Stan lay on his cot, reflecting on what he'd done. Surely the bitch hadn't deserved it, had she? Sure, she had dumped him to go fuck Token, but was that an acceptable reason to shoot her stupid ass?

_Damn right, it was, _Stan thought bitterly. _Dumb bitch!_

_**Delia's gone**_

_**One more round**_

_**Delia's gone**_

He was so proud of himself, he felt the need to stand up on his bed and shout to everyone within hearing range that he had killed her, oh yes he had killed her ass good. This was greeted by jeers and shouts for him to shut the fuck up. When he shouted it again, people started throwing anything they could get their hands on.

_**I went up to Memphis**_

_**And I met Delia there**_

_**Found her in her parlor**_

_**And I tied her to her chair**_

Thinking back on it, he couldn't help but smile. He had kicked her fucking door in and found her buck naked, riding Token like a Brahma bull. He had gone up and punched the black asshole in the face, then pulled Wendy off onto the floor.

"Put some fucking clothes on," he told her, then, turning to Token he said, "Get the fuck OUT!"

Token wasted no time jumping up off the couch and running out of the house like he was on fire, much to the angry screams and protests of Wendy. Stan grabbed her by the hair and dragged her to the kitchen, where he promptly tied her up.

_**Delia's gone**_

_**One more round**_

_**Delia's gone**_

Stan snapped out of his reverie and began cackling madly. He jumped up on his bed and began to dance an Irish jig while singing a song about how dead Wendy really was.

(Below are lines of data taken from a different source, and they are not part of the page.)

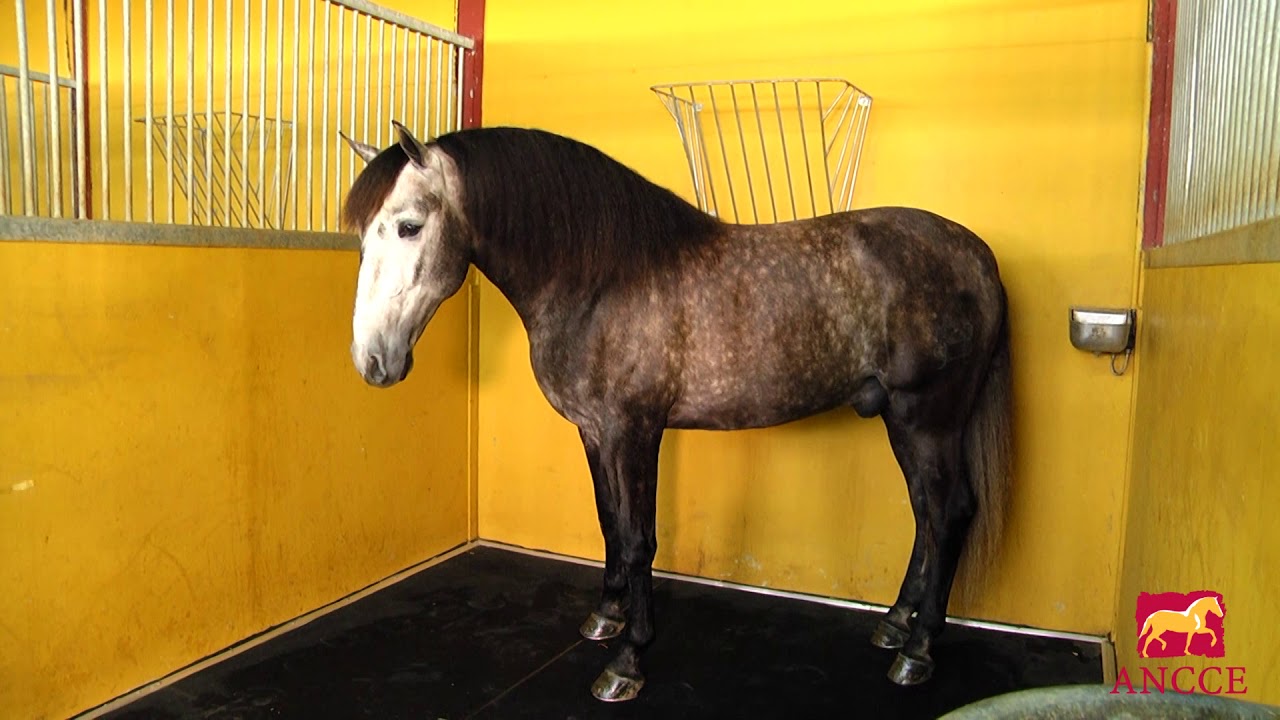 Watch Suelo Pegase para Boxes de Caballos Now Suelo Pegase para Boxes de Caballos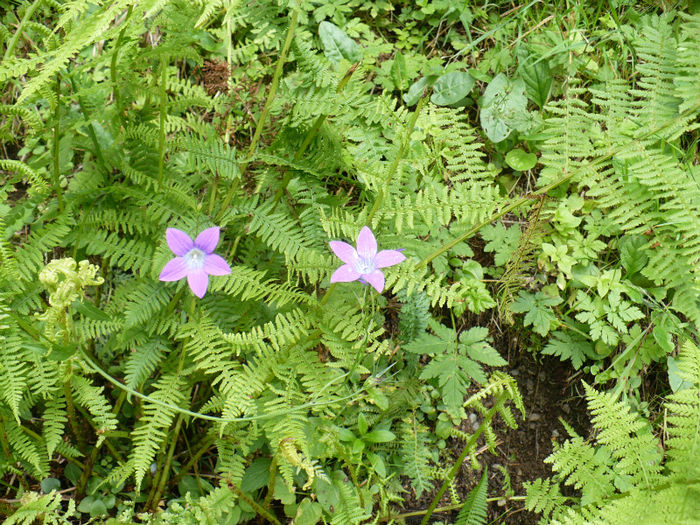 clopotei si ferigi de munte - Predeal iulie 2013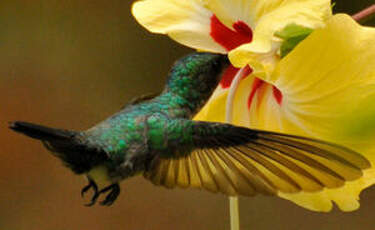 Colibri à menton bleu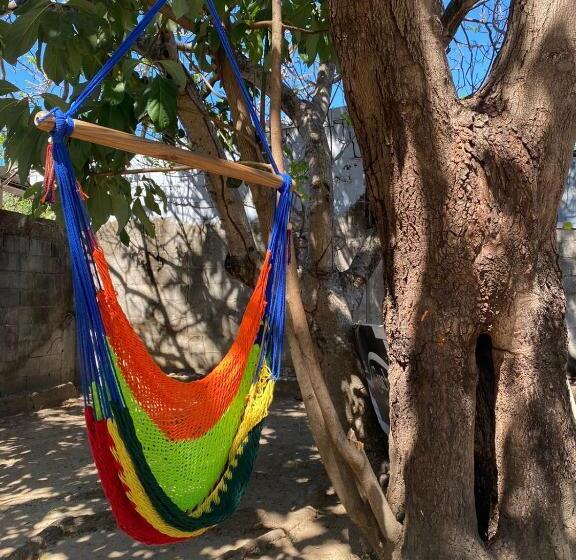 单人经济间, Puente Real Hostel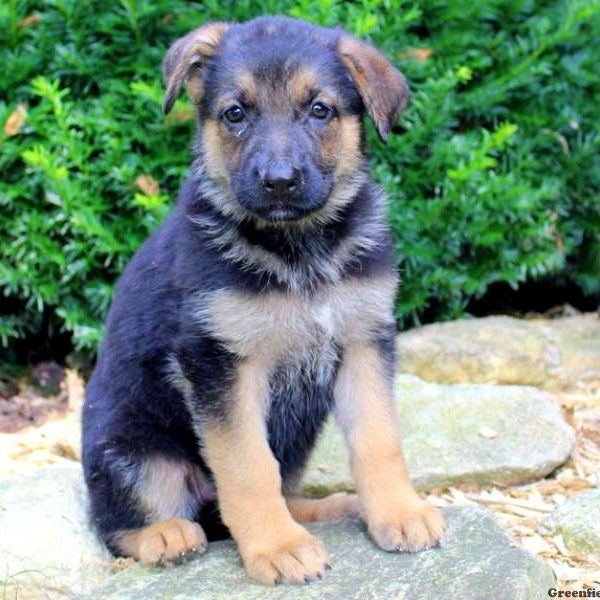 Renee Hope, German Shepherd Puppy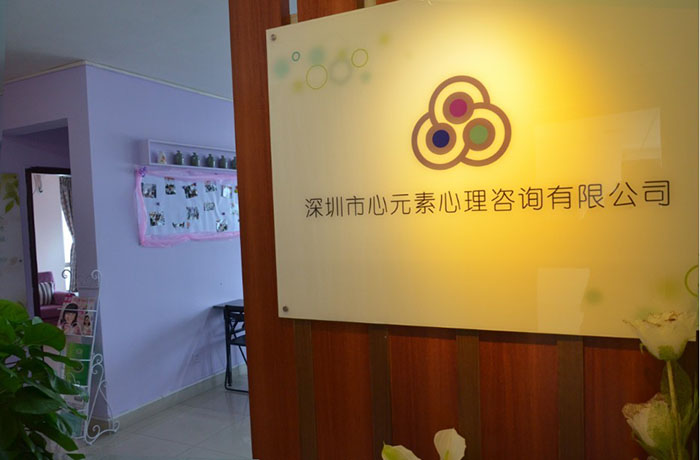 深圳市心元素心理咨询有限公司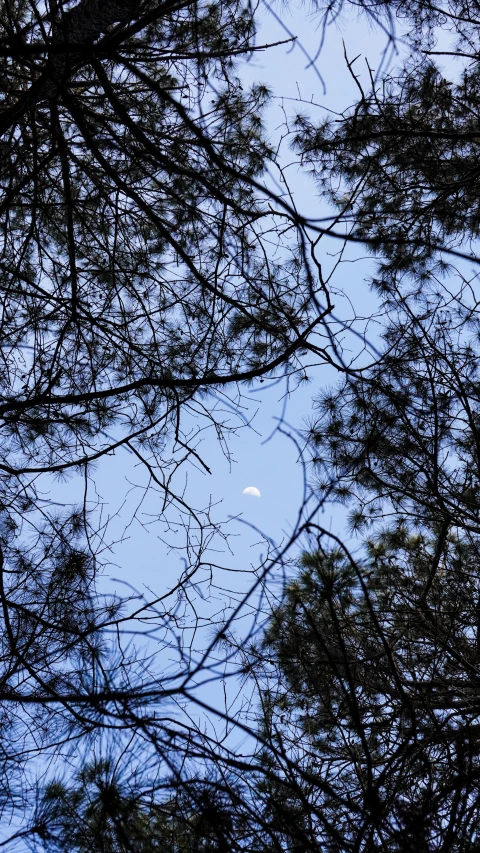 the moon shining behind a thin tree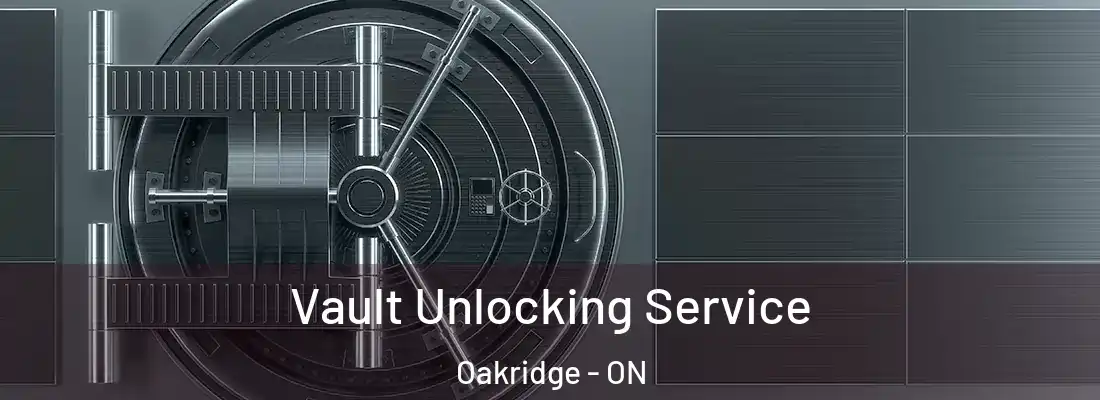  Vault Unlocking Service Oakridge - ON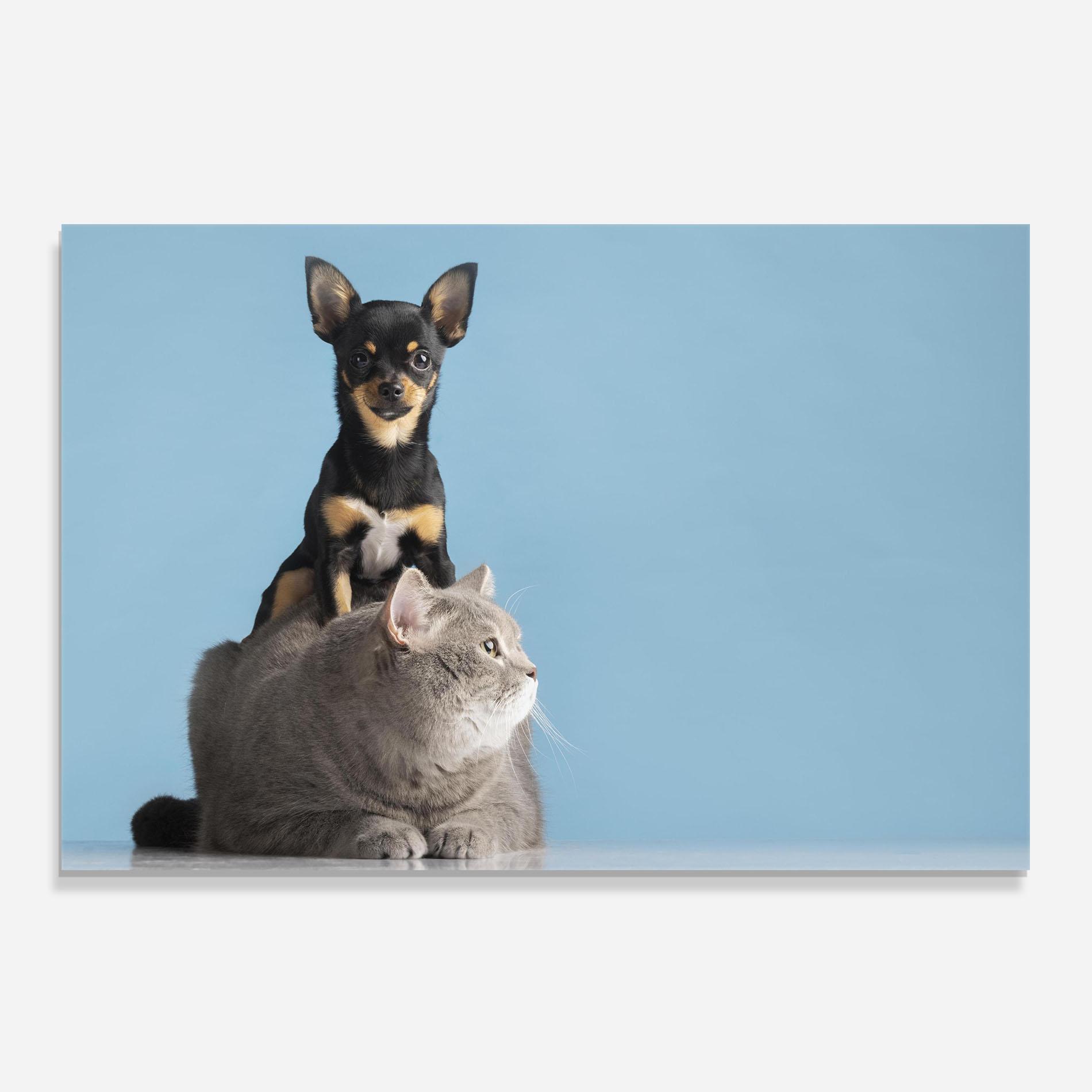Panel Szklany do Kuchni Dog Grey Cat mockup 0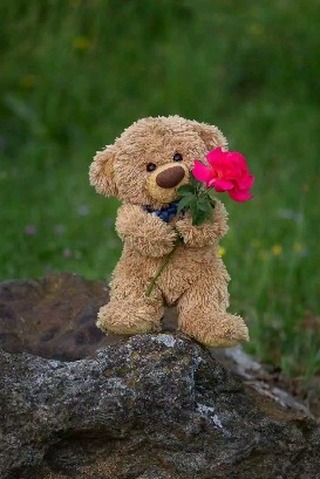 howard892023 в LOOKY. . null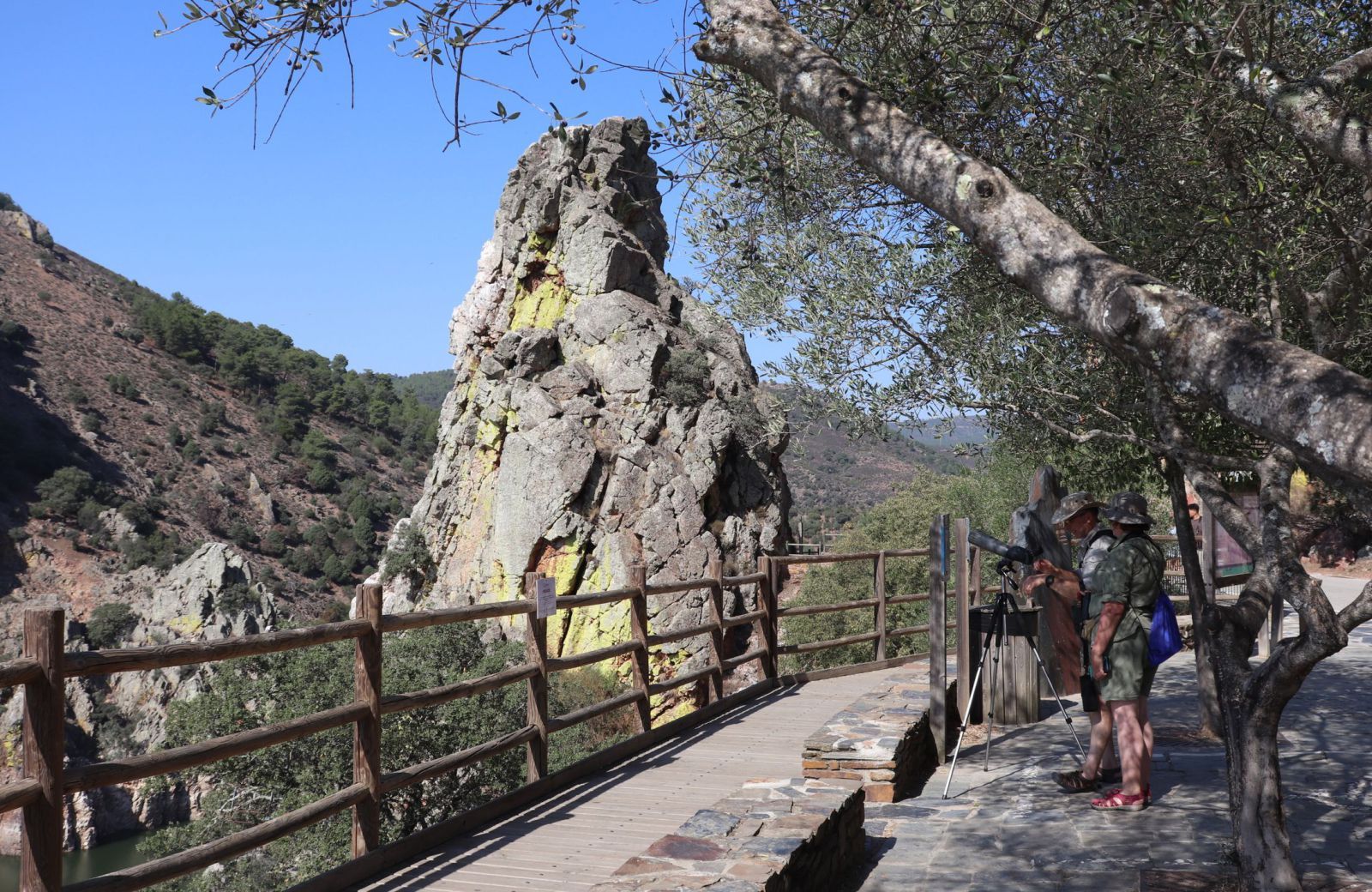 Quince espacios de visita inaplazable, image size:1600x1040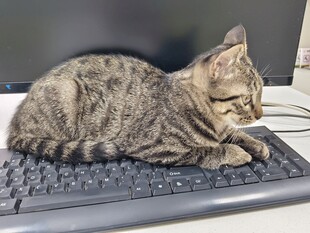 猫咪惬意趴键盘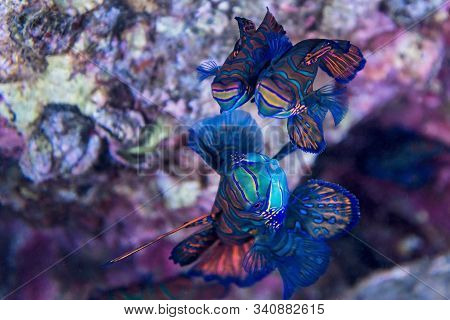 Mandarin Fish  - Indonesia Banda Underwater  Macro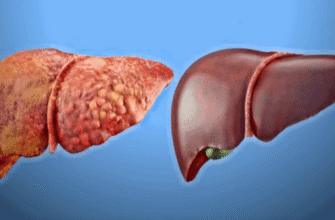 Як ефективно відновити печінку після вживання алкоголю: поради та методи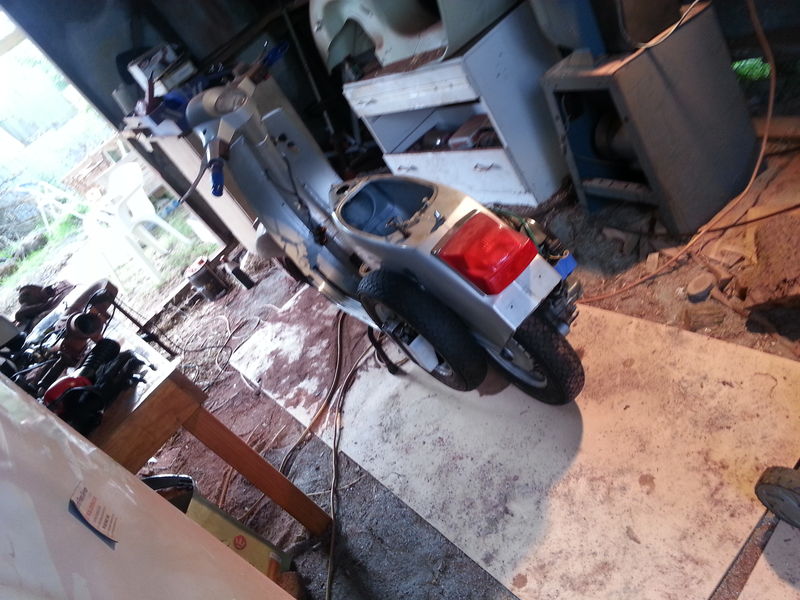 Forum member supplied image with no explanatory text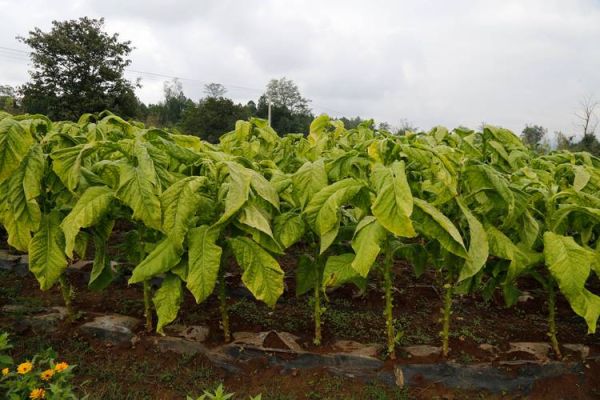 烟叶图片大全_烟叶种类有哪些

_**She was low-down and triflin'**_

_**And she was cold and mean**_

_**Kind of evil make me want to grab**_

_**My submachine**_

When he murdered her that fateful night, he remembered while dancing, she had called him all kinds of foul names. He only laughed in her face.

"You son of a bitch!" she screamed.

"Yeah," he said. "Sorry."

_**Delia's gone**_

_**One more round**_

_**Delia's gone**_

Stan stopped dancing for just a brief second, for he could hear someone running in his direction. From the sound of it they were either a very big someone or a whole lot of someones, but he didn't care. Let them come and he'd do to them exactly what he did to Wendy. For now, he was just going to dance and remember how glorious it was.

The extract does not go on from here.